▸ **DIRECTIONS**: Retype only what runs from the first line of the records to the line with "cute lion and mouse emoji", inclusive, and no pictures.

▸ **DATASET EXTRACT**:
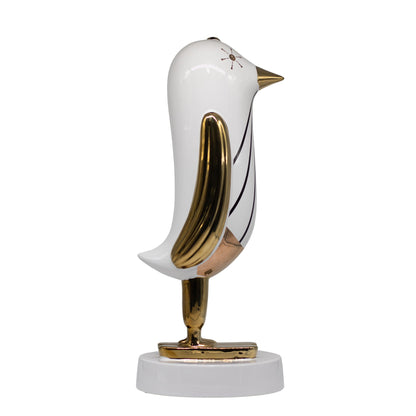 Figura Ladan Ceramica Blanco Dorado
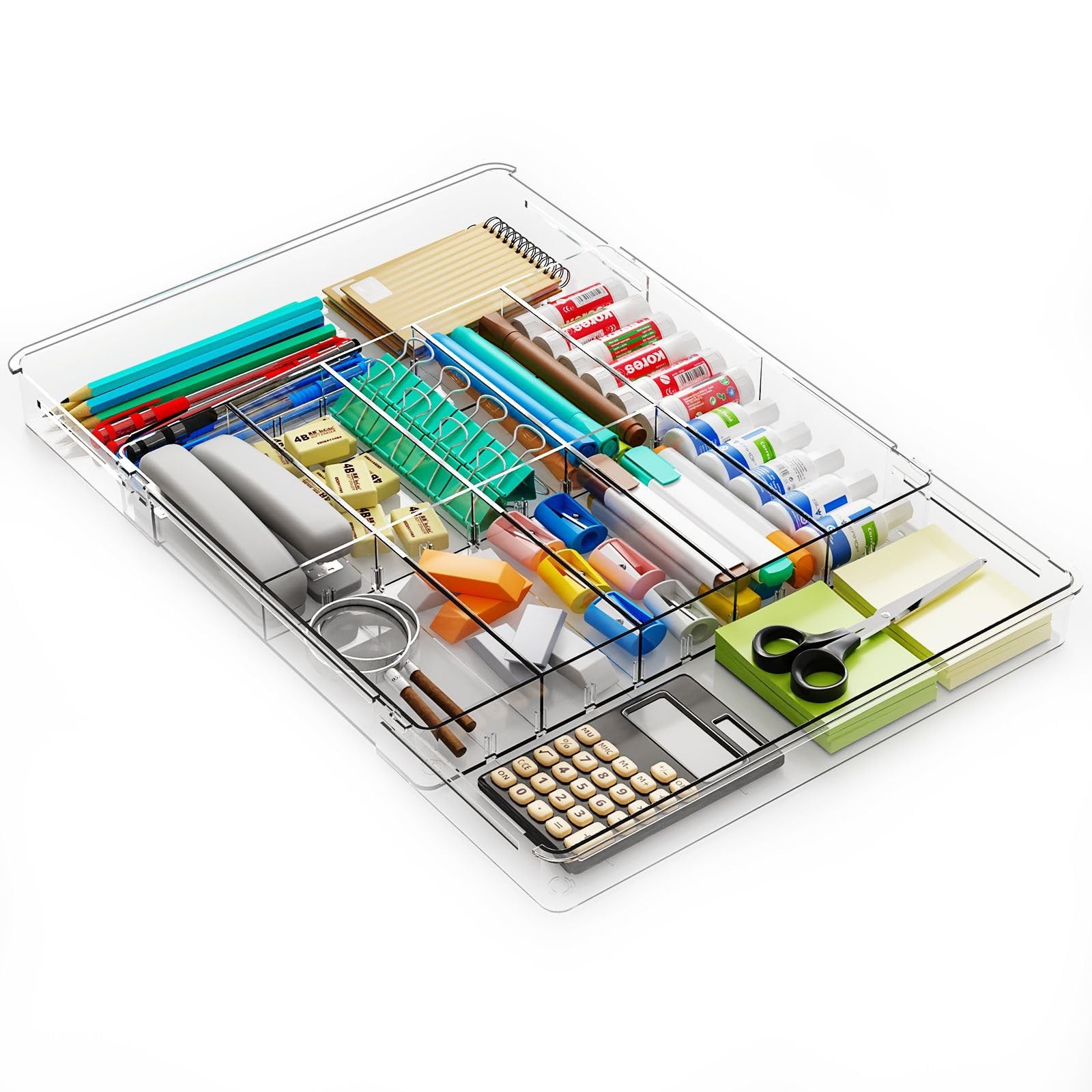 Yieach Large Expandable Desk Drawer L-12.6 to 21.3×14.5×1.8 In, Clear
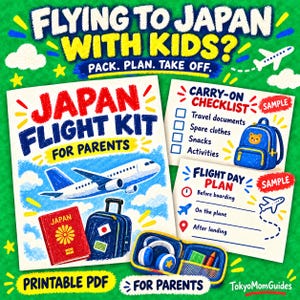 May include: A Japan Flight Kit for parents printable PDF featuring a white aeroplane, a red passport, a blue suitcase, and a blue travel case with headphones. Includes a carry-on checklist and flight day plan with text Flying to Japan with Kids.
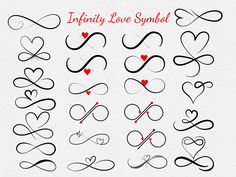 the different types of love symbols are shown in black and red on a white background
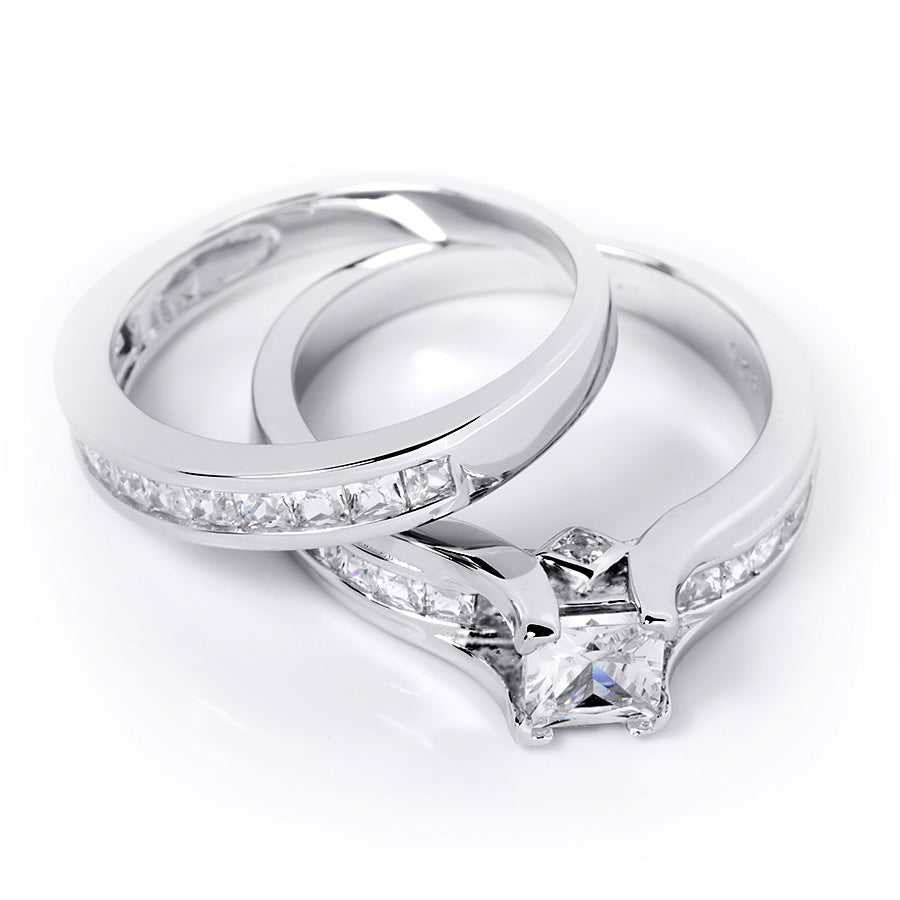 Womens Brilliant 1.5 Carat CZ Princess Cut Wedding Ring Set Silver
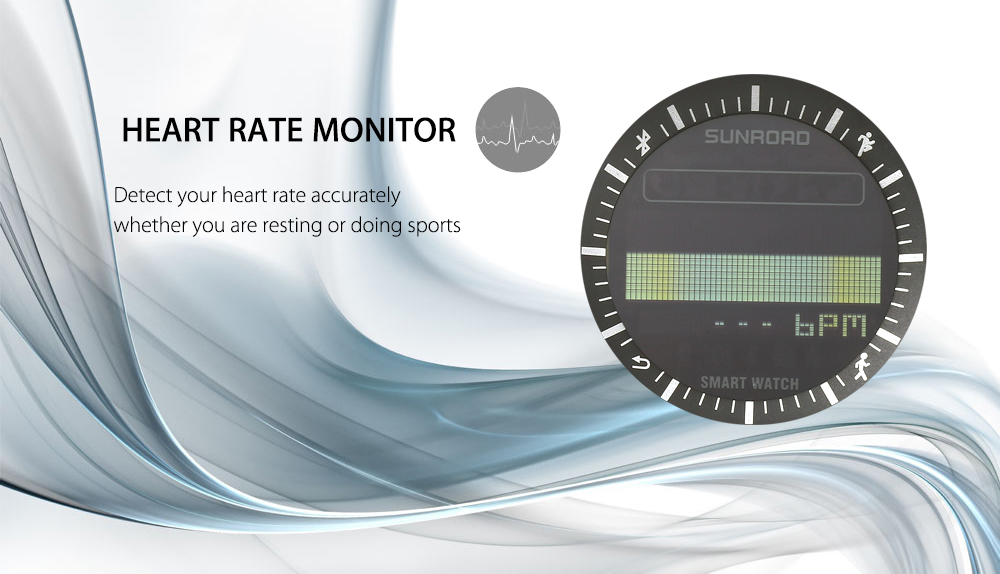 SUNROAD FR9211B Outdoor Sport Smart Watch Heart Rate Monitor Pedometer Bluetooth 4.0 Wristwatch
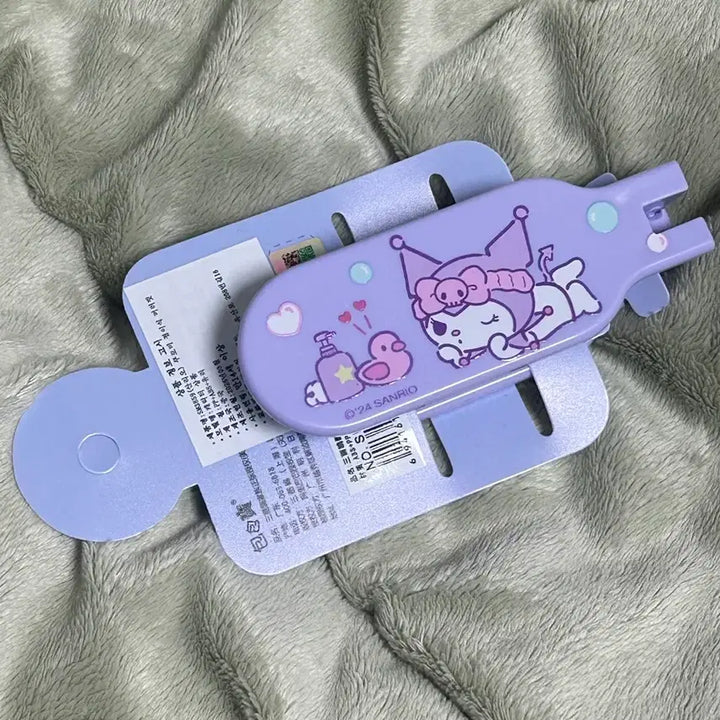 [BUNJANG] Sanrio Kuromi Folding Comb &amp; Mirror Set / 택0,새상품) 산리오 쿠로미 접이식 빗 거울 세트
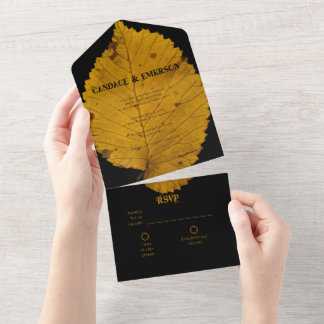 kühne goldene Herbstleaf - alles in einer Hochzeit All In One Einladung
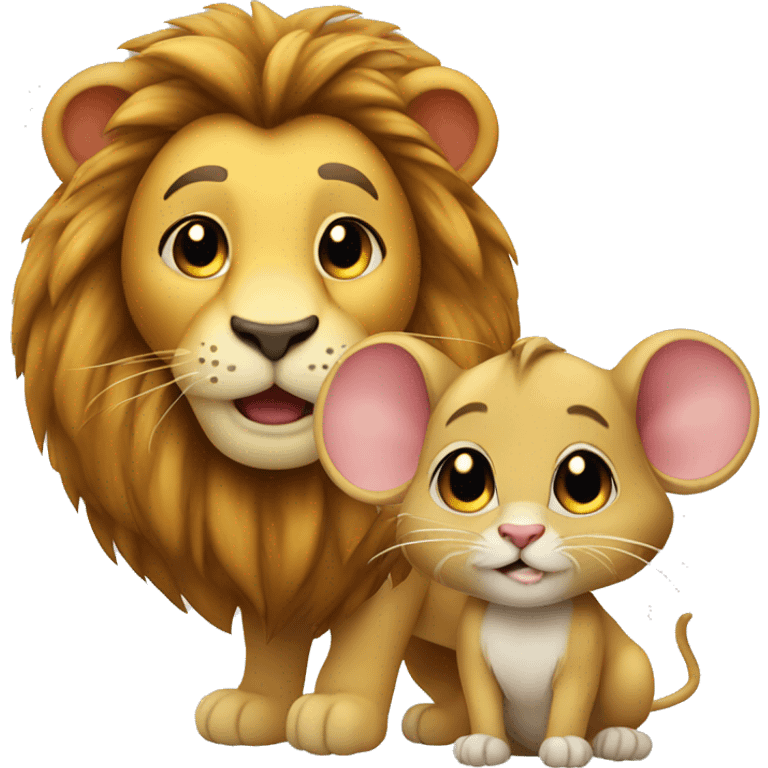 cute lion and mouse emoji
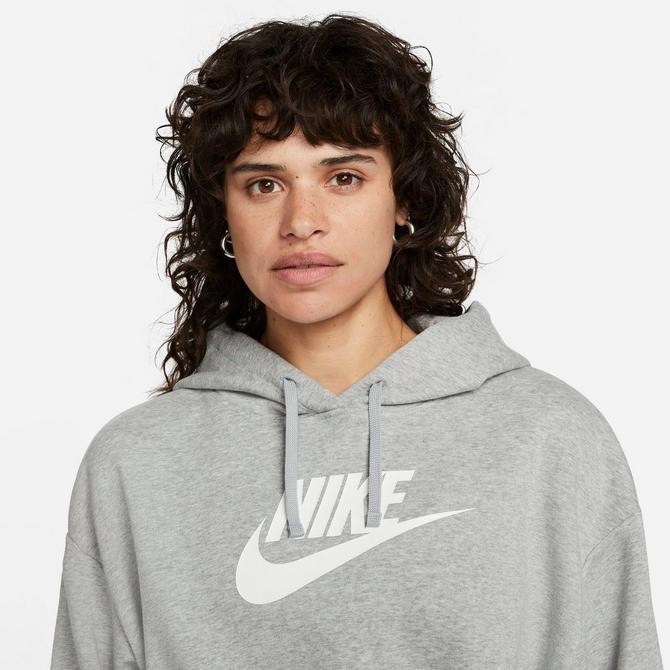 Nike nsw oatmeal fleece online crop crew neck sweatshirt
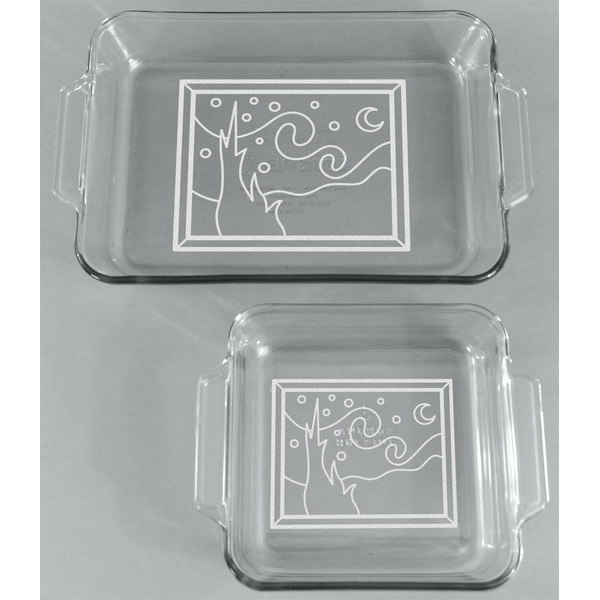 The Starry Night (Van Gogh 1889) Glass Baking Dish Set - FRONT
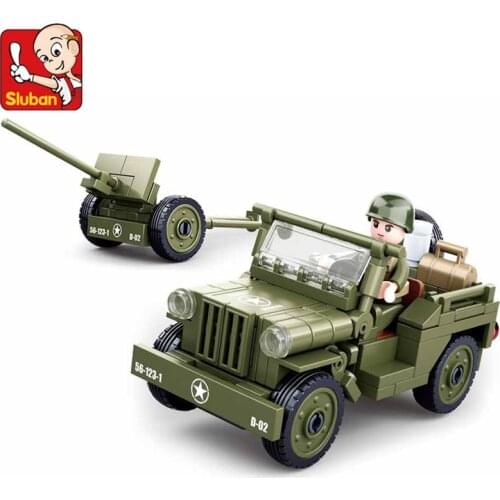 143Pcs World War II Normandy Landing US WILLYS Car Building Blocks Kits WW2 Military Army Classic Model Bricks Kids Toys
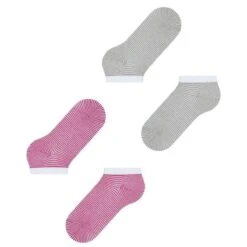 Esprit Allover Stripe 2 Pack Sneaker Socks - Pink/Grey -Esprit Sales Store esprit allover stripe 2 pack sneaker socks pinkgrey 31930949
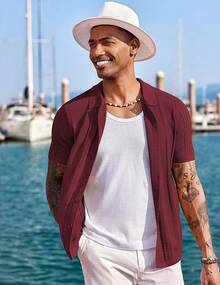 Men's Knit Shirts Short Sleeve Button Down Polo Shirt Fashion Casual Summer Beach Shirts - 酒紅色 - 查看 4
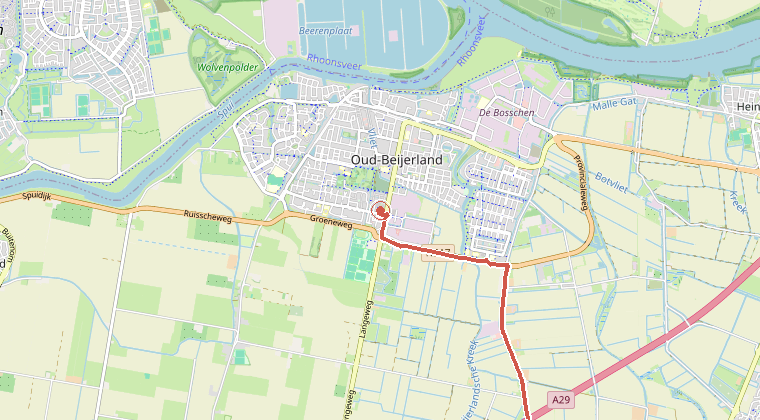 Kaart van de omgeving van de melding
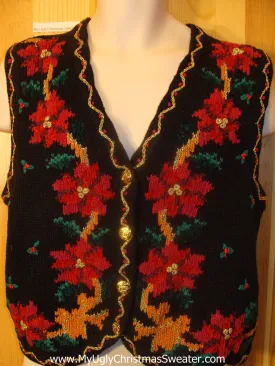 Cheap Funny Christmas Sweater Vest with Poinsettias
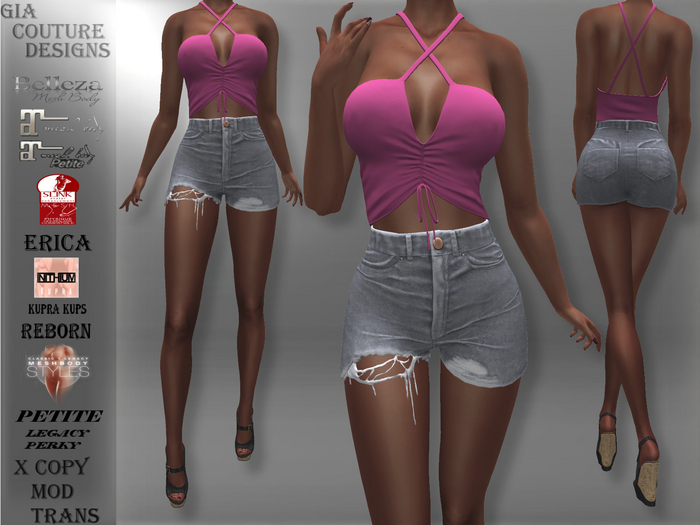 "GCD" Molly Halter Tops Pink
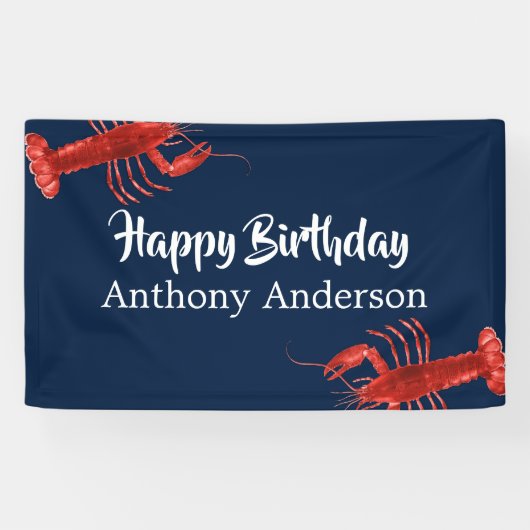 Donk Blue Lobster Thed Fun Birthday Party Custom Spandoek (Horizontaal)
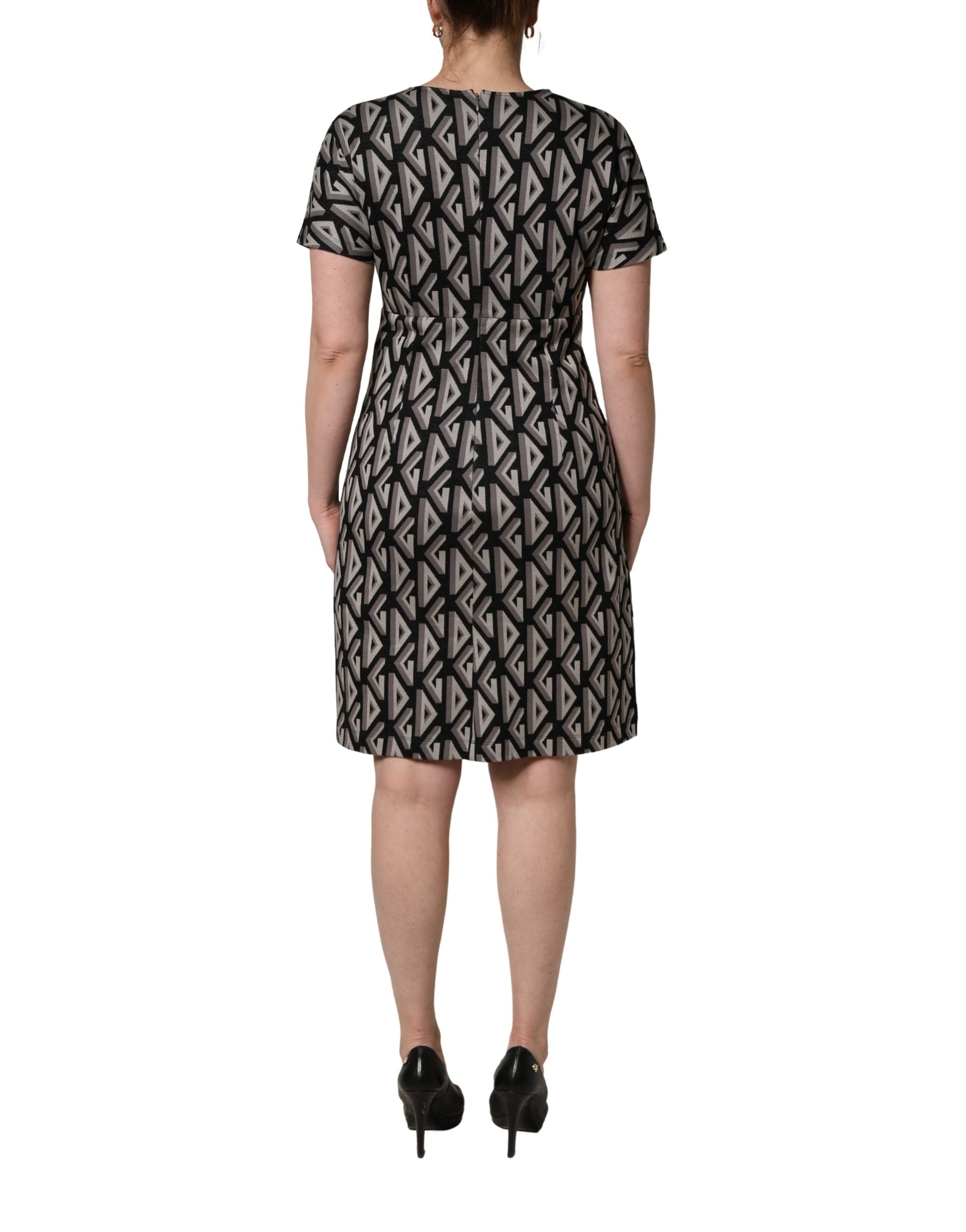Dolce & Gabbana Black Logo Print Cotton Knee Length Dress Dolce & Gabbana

▸ **SOLVED EXERCISE**:
 Figura Ladan Ceramica Blanco Dorado
 Yieach Large Expandable Desk Drawer L-12.6 to 21.3×14.5×1.8 In, Clear
 May include: A Japan Flight Kit for parents printable PDF featuring a white aeroplane, a red passport, a blue suitcase, and a blue travel case with headphones. Includes a carry-on checklist and flight day plan with text Flying to Japan with Kids.
 the different types of love symbols are shown in black and red on a white background
 Womens Brilliant 1.5 Carat CZ Princess Cut Wedding Ring Set Silver
 SUNROAD FR9211B Outdoor Sport Smart Watch Heart Rate Monitor Pedometer Bluetooth 4.0 Wristwatch
 [BUNJANG] Sanrio Kuromi Folding Comb &amp; Mirror Set / 택0,새상품) 산리오 쿠로미 접이식 빗 거울 세트
 kühne goldene Herbstleaf - alles in einer Hochzeit All In One Einladung
 cute lion and mouse emoji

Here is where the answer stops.